Cargill will pay $1.5 million to 138 terminated employees to resolve charges that its managers violated the Civil Rights Act by refusing to allow Somali-American Muslim workers to pray during their breaks at a meatpacking plant in Colorado, the U.S. Equal Employment Opportunity Commission said Friday.
Cargill settles dispute with fired Muslim workers in Colorado, with $1.5 million payment
Fired Colo. meatpackers say they were denied prayer breaks, will share a $1.5M payout.
The agency said it found reasonable cause to believe the employees were harassed, denied their requests for prayer breaks, and fired from their employment at Cargill's Fort Morgan, Colo., beef processing plant in 2015.
While Cargill said it does not accept the EEOC's findings, it decided to settle out of court to avoid a protracted legal proceeding.
Cargill has reaffirmed its commitment to continue to allow Muslim workers to take short breaks to perform their prayers. Cargill's religious accommodation policy takes into account key business requirements, such as employee and food safety and production-line needs.
"Providing our employees with religious accommodation is an important part of engaging and supporting our employees, and our policy has remained consistent for more than 10 years," Brian Sikes, president of Cargill Meat Solutions, said in a statement.
Qusair Mohamedbhai, a Denver attorney who represented the workers, said he is gratified by the settlement. "We appreciate the collaborative efforts of Cargill and Cargill's commitment to continue to communicate its long-standing prayer accommodation practices," Mohamedbhai said in a statement issued by the Council on Islamic-American Relations.
Minnetonka-based Cargill fired the workers in December 2015. The employees didn't show up for work for three consecutive days, saying Cargill wasn't allowing some Muslims to take prayer breaks.

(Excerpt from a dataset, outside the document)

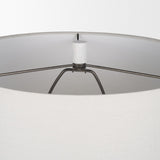 Everly White Cement W/Beige Shade Table Lamp by Mercana at Eve Furniture
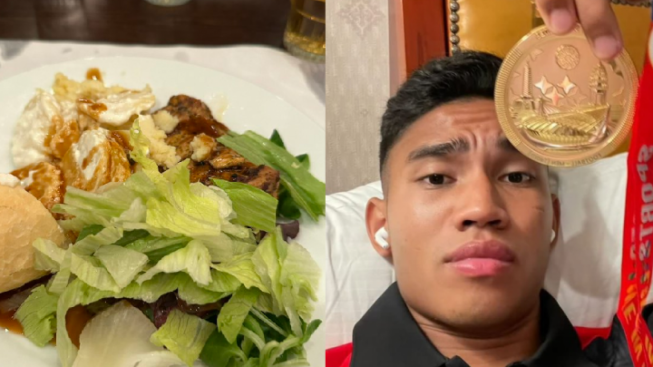 Marselino Ferdinan Pamer Menu Makan saat di KMSK Deinze, Netizen: Kok Gak Pake Nasi?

Cargill, which said it has long accommodated prayer breaks, cited job abandonment for the mass termination.
Cargill, the largest private company in the United States, slaughters cattle and makes boxed beef products at Fort Morgan.
The state of Colorado ultimately sided with the employees, finding that the workers were "not at fault" for the changes that precipitated the dispute and granting them unemployment benefits, and the EEOC in 2017 found reasonable cause that Cargill managers had violated the Civil Rights Act. Only a small fraction of discrimination claims get the commission's backing, and the decision set up the possibility of a federal discrimination lawsuit.
The Council on Islamic-American Relations said then that Cargill supervisors had been blocking the doors to the room that Muslim employees used to pray and that the Somali-American Muslim workers were sometimes "interrogated" after their bathroom breaks to make sure they didn't pray while out.
Cargill called those accusations "false" and "inflammatory."
The settlement amounts to just more than $10,000 per worker, minus legal fees.